Secretary
I was brought up in Devon, UK and educated at boarding schools from the age of 8. My secondary school was Canford in Dorset. On leaving school I served articles with a solicitor’s practice in Exeter, Devon for 5 years during which time I also attended the College of Law in Guildford in preparation for the Solicitors qualifying examinations. I served briefly in the UK Territorial Army (Devonshire Regt).
Following admission, I worked as an employed solicitor for two years with Boodle Hatfield in the West End of London and for a further two years with a practice in Winchester. With both firms I practiced in their agricultural law departments.
Following my father’s premature death, I returned home to Devon and ran my family furniture manufacturing and retailing business for two years before selling the factory. I retained the retail business to provide an income for my mother and continued to supervise this for the next ten years.
I joined a local solicitors’ practice as an employee, heading their office in Chard, Somerset. I became an equity partner two years later. With a young partner of approximately the same age I embarked on a progressive expansion of the firm resulting ultimately in a practice of 8 partners, 5 offices in East Devon and South Somerset and approximately 100 staff. The practice engaged in all the fields usual to a market town law firm: real property, matrimonial, criminal, personal injury, general civil litigation and probate. My Chard office had a substantial agricultural practice, acting for farmers and landowners in all areas of land law, succession and the law and regulations imposed by government and EU intervention including milk quotas, cereal production and environmental control. I specialised as an agricultural and rural property lawyer. I was also the practice finance partner for many years.

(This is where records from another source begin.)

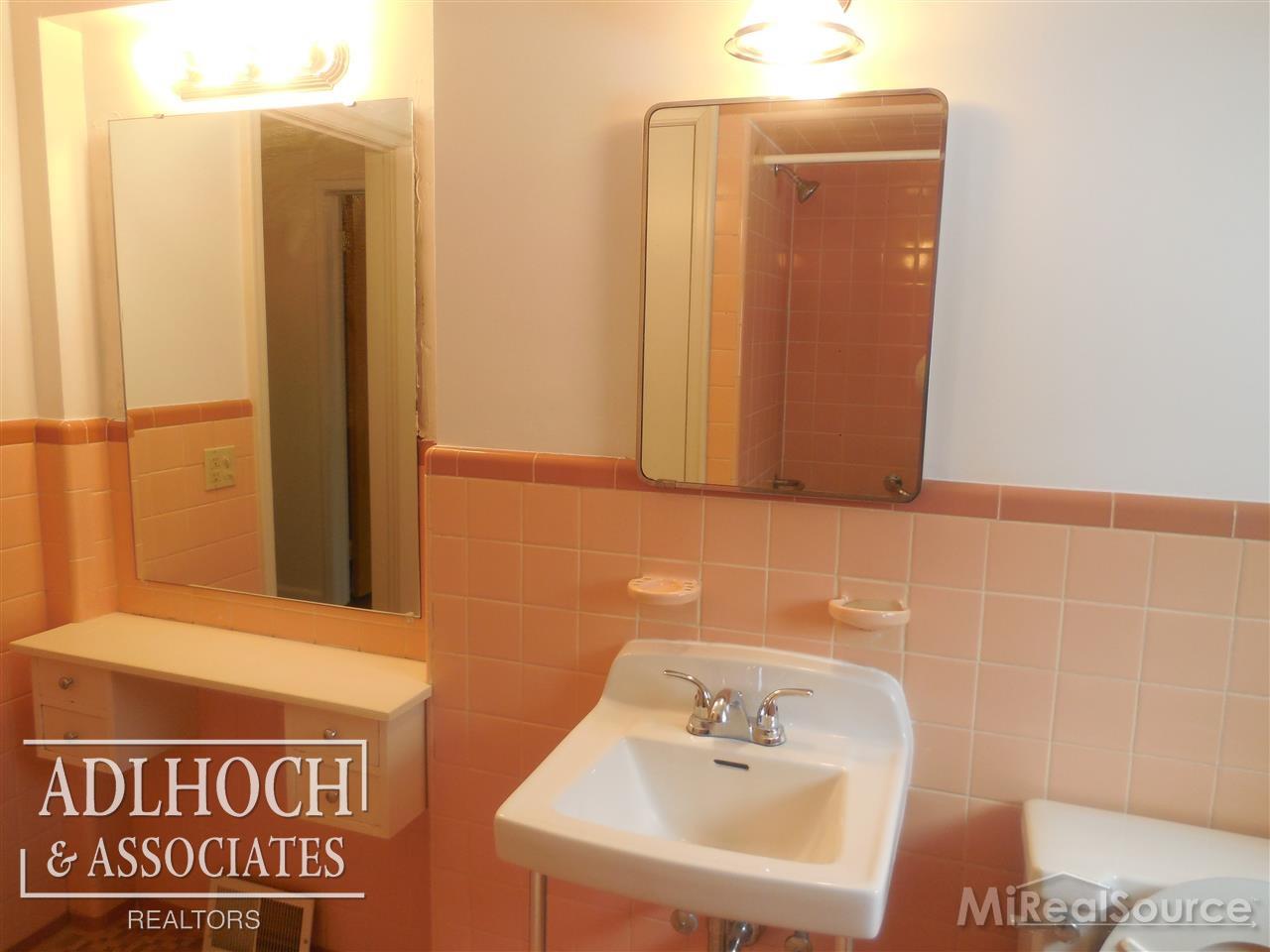 744 Harcourt Road Grosse Pointe, MI 48230 - Photo 13 of 23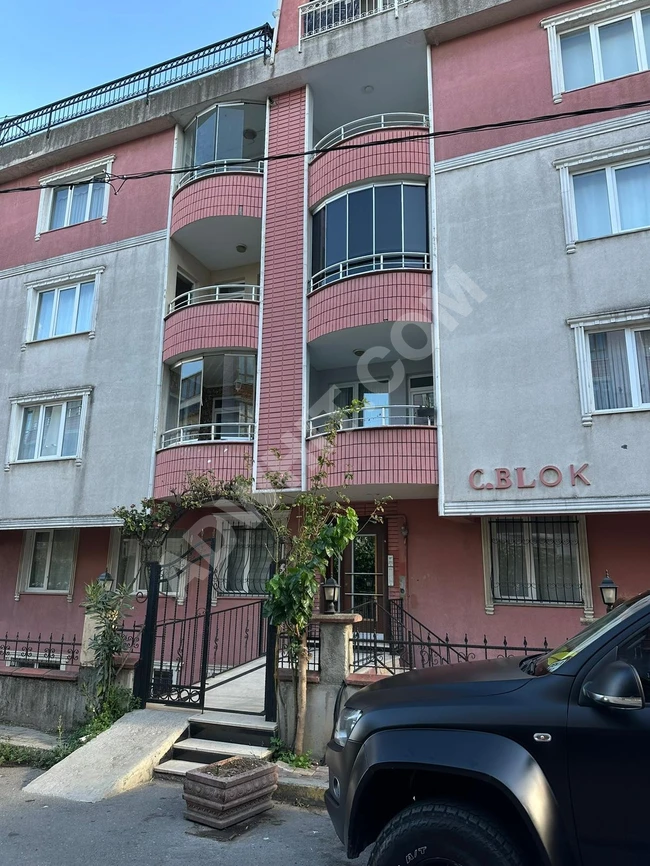 PENDİK ESENLERDE SİTE İÇERİSİNDE BAHÇE KATI SATILIK DAİRE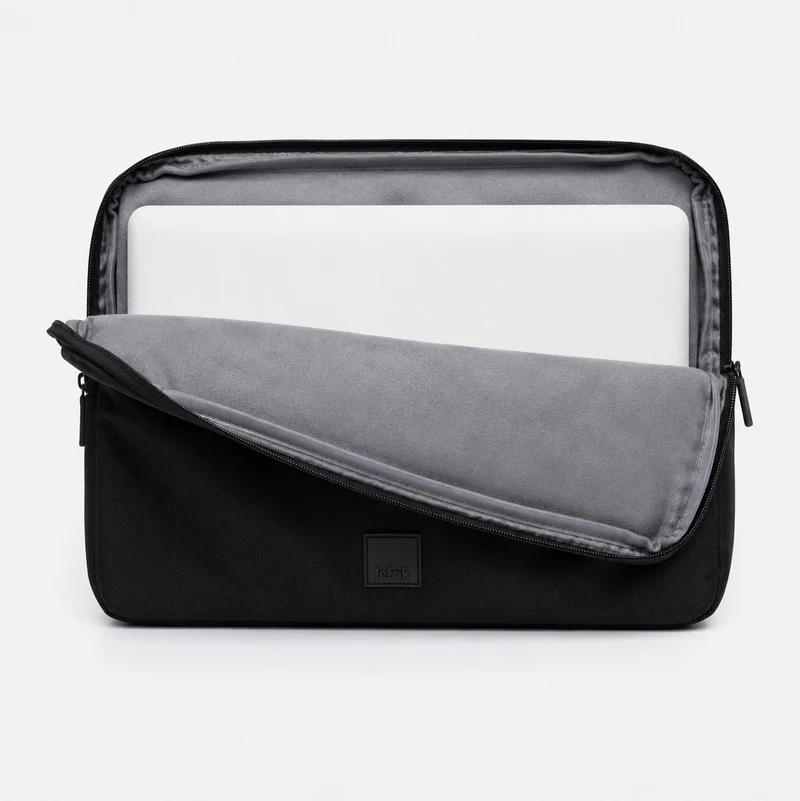 Capture Laptop Case 13" Black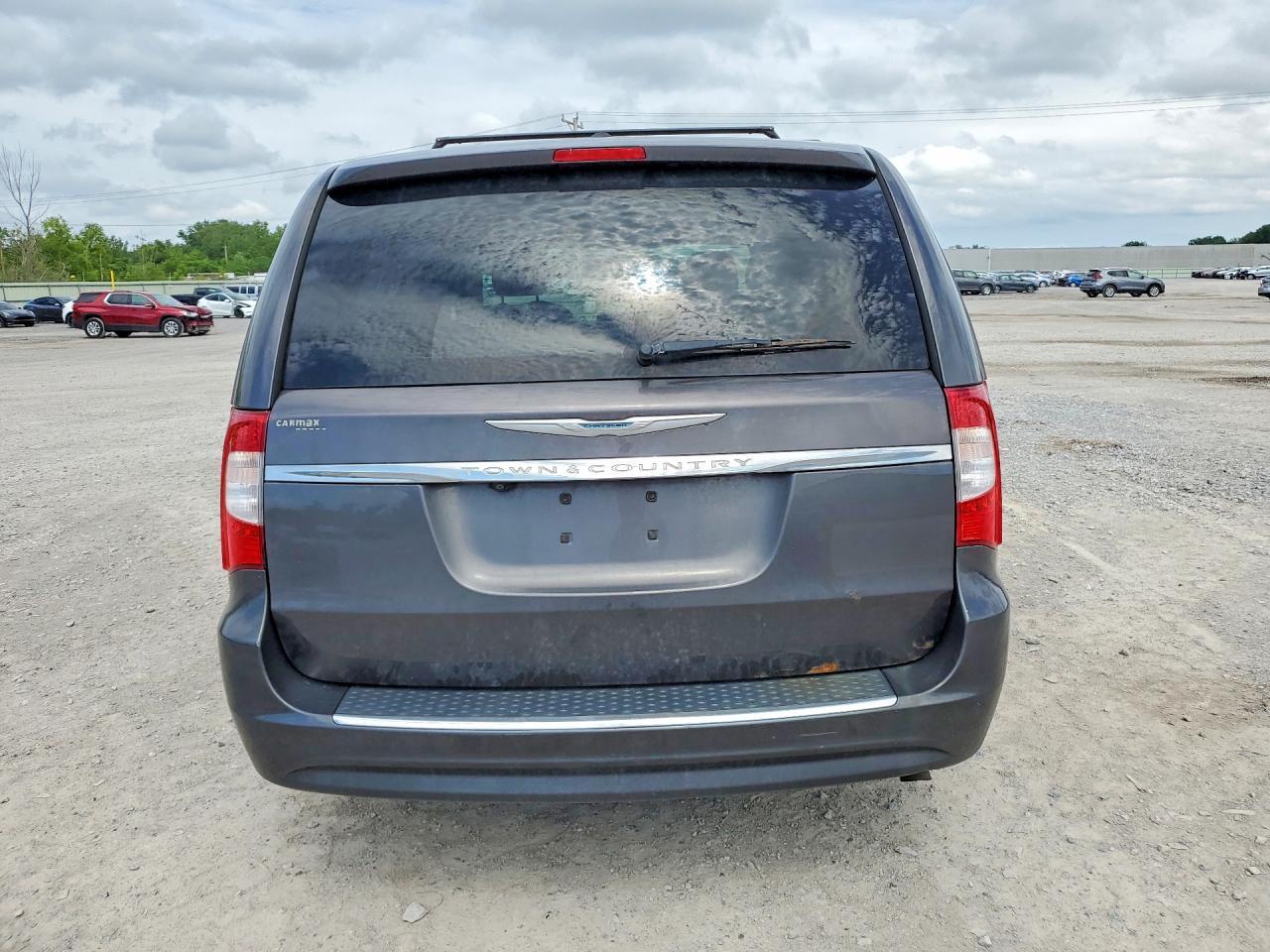 2016 Chrysler Town & Country Touring - Image 6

Out of the Office I hunted regularly with my local Harrier pack (mounted foxhunting) and in spring and autumn with the Devon & Somerset Stag Hounds. I served as Secretary of the annual Point to Point race meeting (amateur steeple chasing) for 10 years and competed in the Hunt Member’s Races. I also competed in mounted Team Chasing. I was a keen but erratic game shot (driven pheasant). My interests also included entomology (butterflies and moths), vintage motoring and woodwork.
Since moving to Australia, I served as secretary to the Dorrigo Agricultural Association (Dorrigo Show Society) for five years. I then became the secretary of the newly formed Bellingen Mens’ Shed.
I have two children by a previous marriage, a son who retired from the British Army (Captain in the Kings Royal Hussars, with one Syria tour and two Afghanistan tours under his belt) and who now works in London and a married daughter who has worked in the Bloodstock industry as apprentice jockey, polo manager, assistant trainer, Paris racing press representative and Racecourse administrator.
I sustained a severe head injury in a hunting accident in 2003 resulting in (inter alia) some brain damage and the loss of sight of an eye. This precipitated my early retirement from legal practice. Some 6 years later I moved to Australia in search of new adventures.
My generation missed out on “gap years”. I tried to make up for this deficit later in life and have travelled in Zimbabwe, Kenya (to Lake Turkana), Nepal, China (to walk the Tiger Leaping Gorge), Guyana (an expedition in to the interior for both herpetological and entomological research) and Brazil (a short walk in Chapada Diamantina near Lençóis in the State of Bahia.
My father was a competent cabinet maker, built a 30ft sailing and cruising yacht for his own use and was an adept rigger, splicing both wire and cordage. I picked up the basics of woodwork with hand tools from him and his employees in the factory joiner’s shop. I inherited his hand tools and tool chest which are still with me here in Bellingen.